Envoi:the Polish ladies there were as attractive as the food. They brought back memories too, but I will say no more than that....



Saturday, February 23, 2013

Shriven at last


I come late to most things. This year it was Shrove Tuesday, a day for confession and pancakes. This year, it was the Tuesday which I would call Froze Tuesday, the day when I nearly died of cold putting up Swift boxes on the Maltings in Ely. So I didn't do the pancake thing.
Never mind, my good friend Johanna came the next day with a jar of pancake mix and a recipe. This morning I finally got round to making a batch. They were almost as good as the ones my mother used to make, which is another way of saying that I haven't had pancakes since I was about 14. What pleases me too is that it's the first time I have made pancakes.
Oh frabjous joy! You know how smells, sounds and tastes can bring back memories so intense that your eye moistens and your bottom lip starts to tremble. Well, that was my pancake experience this morning.
.Envoi
Some people might call me a tosser, but I didn't toss. Lacked the courage, I turned them with a spatula.

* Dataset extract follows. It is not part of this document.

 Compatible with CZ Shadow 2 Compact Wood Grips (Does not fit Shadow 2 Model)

Tuesday, February 19, 2013

Ukrainian snail



This is a Ukrainian snail, not that that explains how it learned to shelter from the rain under an umbrella. My thanks to Rowena B for this superb photograph.

Saturday, February 16, 2013

Like this


You know the Hotel Gellert in Budapest of course. Its Imperial splendour was reflected in the junoesque lady who ran the little side bar in the foyer. When my colleague Arthur and I went to her for a drink after a heavy night, she said “I know what you boys need: a palinka vodka. It will restore you. I give my husband a glass of it every night and he is like this...” The meaning of the gesture that accompanied the words was unmistakeable. She formed a fist and brought her forearm up sharply several times to bang the underside of the bar. Wow.

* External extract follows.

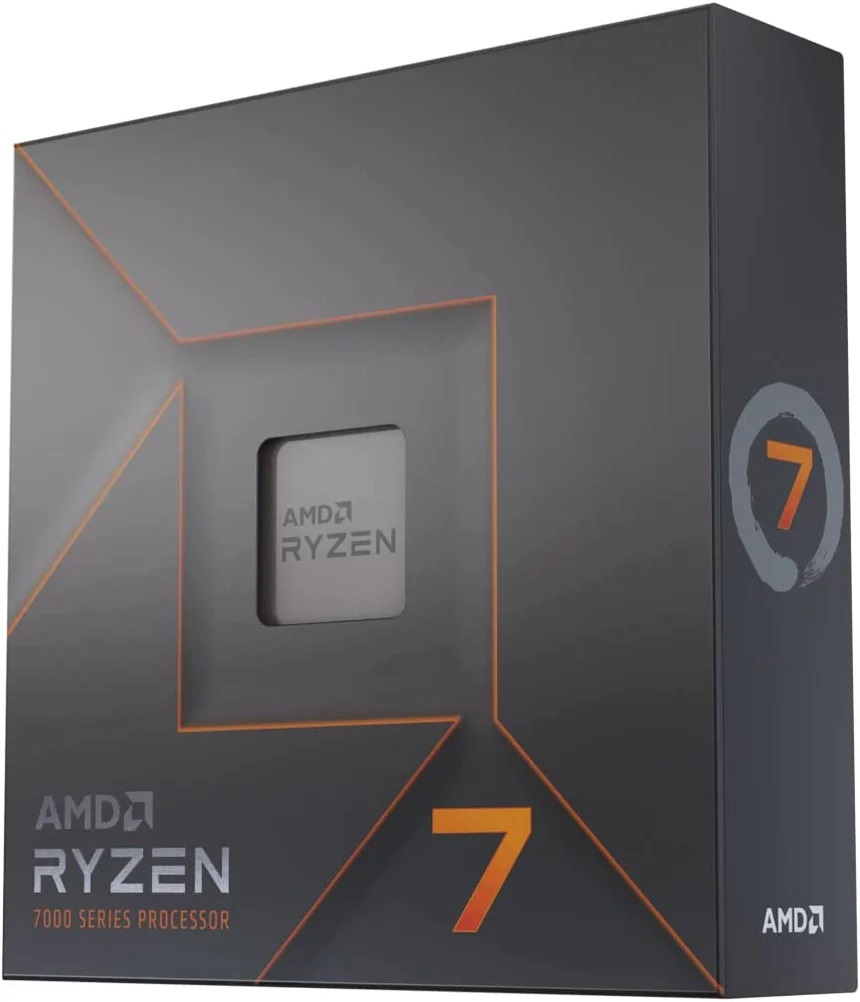 AMD Ryzen 7 7700 8-Core c/ Turbo 5.3GHz 40MB SktAM5 Tray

We left Hungary and eventually got to Germany, where we had to report to a man called Schubert, whose training programme we were supervising. Over lunch, desperate as always to keep the conversation going – poor Schubert was a man with no social skills worth talking about - I related the incident of the junoesque lady with the vigorous forearm, concluding the anecdote with “her husband is .... like this”, banging the underside of the table in the prescribed manner. The movement and the noise seemed to jerk our host into life. He looked round, silent for a moment, and then said in a voice devoid of all expression: “Oh, he must break a lot of tables.”